JIMMIE BRATCHER/This is Blues Country: Relax, Jim Gaines has his hands on the wheel. Changing things up on the familiar, country classics are retrofitted as blues and blues/rock tunes and Bratcher makes it all feel right at home. You just stumbled into a watering hole where you'll be spending some time at if working man's blues is your métier. Trust me, it works well here. Well done.

LYNN DRURY/Rise of the Fall: This singer/songwriter from Nawlins via Miss'ippi has come up with the album Lucinda Williams fans have been hoping for. Without being a copycat, Drury has her own sound but she does a great job of following in and filling some mighty big footsteps. Simply a right on set throughout.

CHRIS PARKER/Moving Forward Now: He's 20 years old, he's a drummer and he swings. Attracting a bunch of hitters from the nu world of every man for himself, all jazzbos on board here can be heard working up a sweat no matter how cool they play it. A most auspicious debut from a tyro that's set his sights on the heights, this is a must for mainstream jazzbo to check out. Well done.

BIG JAY McNEELY/Honkin' & Jivin' at the Palomino: Granted this was recorded 30 years ago and McNeely isn't as young as he used to be, he was no youngster here and that didn't stop him from blowing the roof off the sucker. Pummeling the crowd with music that's timeless and not subject to the whims of fashion, this R&B sax legend is as bad ass as it gets. Included is a DVD with some stuff that really helps tell the story in full multimedia glory. You don't have to be an oldies man to go totally nuts here.

DAN BRUCE'S :BETA COLLECTIVE/Earthshine: Debut set from a Chicago jazz guitarist finds him and his crew taking the angular, minimalist route to get where they want to. Touching on some of the space jazz elements that would later become the bedrock for fusion aces, this stuff goes to the inner rim of the outer edges as it makes it's journey. Left leaning tastes have a treat here.

DEBBIE PORYES TRIO/Loving Hank: Since there's nothing here written by Hank Jones, and a bunch of the songs here aren't associated with Jones, this is Poryes doing her tribute to his sound and vibe.
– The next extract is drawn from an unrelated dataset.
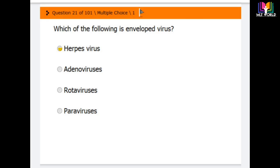Welcome back. Today in this video I will show you the next 10 questions, 21 to 30. Question number 21: which of the following is an enveloped virus? Options are herpes virus, adenovirus, rotavirus, and parvovirus. The correct answer is option number one — herpes virus. Herpes virus is an enveloped virus.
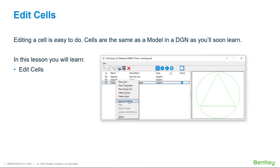Cell libraries are essentially DGN files whose individual models are cells. In fact, you can directly open and edit a cell library with MicroStation. However, there is an easier way to edit a cell than going through the trouble of finding and opening a cell library and the cell. Using MicroStation's Edit Cell makes it very easy to do this.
Showing the love, this is a fine reminder of the cat that was so good but seemed to spend much of his career making others look good. A winning set that is a sure bet for sitting down jazz fans, this is a mighty fine piano trio work out.

FLORIAN HOEFNER/Coldwater Stories: A solo piano set of cerebral, impressionistic jazz recorded in Germany by a native. Does it get anymore ECM than that? Miss those old days when Manny was making magic out of thin air? If this set isn't a return to those times that left leaners had a sonic aerie they could let their ears hide out in, then nothing is. Right on that money throughout.

EMI MEYER/Monochrome: A Seattle native that has managed to tear it up in Asia comes home to hang out with the crème of the Seattle jazz scene to turn out a set that makes you wonder if she's an art chick that can do whatever she wants because Paul Allen gets the first special thanks in the liner notes or is she a millennial Chris Connor. Today's lounge lizards can only listen to so much Cole Porter and this is certainly a sterling alternative come cocktail hour.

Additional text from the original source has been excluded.